Re: [syzbot] [xfs?] BUG: unable to handle kernel paging request in clear_user_rep_good

From: Linus Torvalds
Date: Mon May 01 2023 - 14:56:13 EST


[ Added Borislav and stable people ]

On Sun, Apr 30, 2023 at 9:31 PM syzbot
<syzbot+401145a9a237779feb26@xxxxxxxxxxxxxxxxxxxxxxxxx> wrote:
>
> syzbot suspects this issue was fixed by commit:

Indeed.

My initial reaction was "no, that didn't fix anything, it just cleaned
stuff up", but it turns out that yes, it did in fact fix a real bug in
the process.

The fix was not intentional, but the cleanup actually got rid of buggy code.

So here's the automatic marker for syzbot:

#syz fix: x86: don't use REP_GOOD or ERMS for user memory clearing

and the reason for the bug - in case people care - is that the old
clear_user_rep_good (which no longer exists after that commit) had the
exception entry pointing to the wrong instruction.

The buggy code did:

.Lrep_good_bytes:
mov %edx, %ecx
rep stosb

and the exception entry weas

_ASM_EXTABLE_UA(.Lrep_good_bytes, .Lrep_good_exit)

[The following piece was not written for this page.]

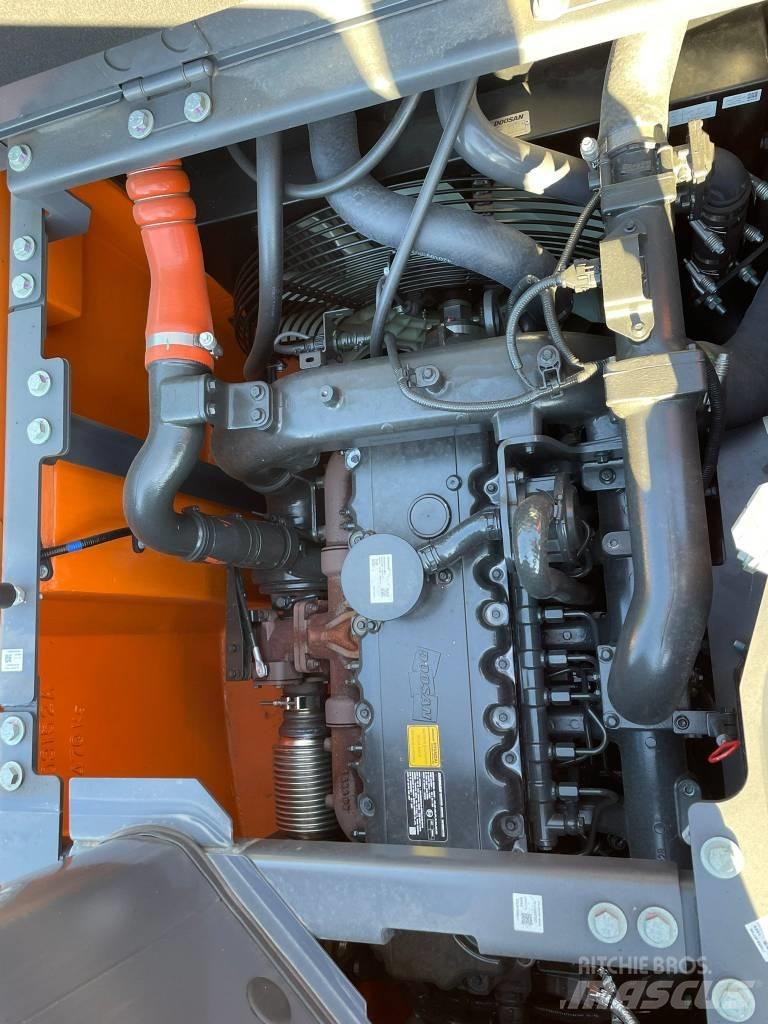 Doosan DX 235 LCR Bagri goseničarji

so the exception entry pointed at the register move instruction, not
at the actual "rep stosb" that does the user space store.

End result: if you had a situation where you *should* return -EFAULT,
and you triggered that "last final bytes" case, instead of the
exception handling dealing with it properly and fixing it up, you got
that kernel oops.

The bug goes back to commit 0db7058e8e23 ("x86/clear_user: Make it
faster") from about a year ago, which made it into v6.1.

It only affects old hardware that doesn't have the ERMS capability
flag, which *probably* means that it's mostly only triggerable in
virtualization (since pretty much any CPU from the last decade has
ERMS, afaik).

Borislav - opinions? This needs fixing for v6.1..v6.3, and the options are:

(1) just fix up the exception entry. I think this is literally this
one-liner, but somebody should double-check me. I did *not* actually
test this:

--- a/arch/x86/lib/clear_page_64.S
+++ b/arch/x86/lib/clear_page_64.S
@@ -142,8 +142,8 @@ SYM_FUNC_START(clear_user_rep_good)
and $7, %edx
jz .Lrep_good_exit

-.Lrep_good_bytes:
mov %edx, %ecx
+.Lrep_good_bytes:
rep stosb

.Lrep_good_exit:

because the only use of '.Lrep_good_bytes' is that exception table entry.

(2) backport just that one commit for clear_user

In this case we should probably do commit e046fe5a36a9 ("x86: set
FSRS automatically on AMD CPUs that have FSRM") too, since that commit
changes the decision to use 'rep stosb' to check FSRS.

(3) backport the entire series of commits:

git log --oneline v6.3..034ff37d3407

Or we could even revert that commit 0db7058e8e23, but it seems silly
to revert when we have so many ways to fix it, including a one-line
code movement.

Borislav / stable people? Opinions?

Linus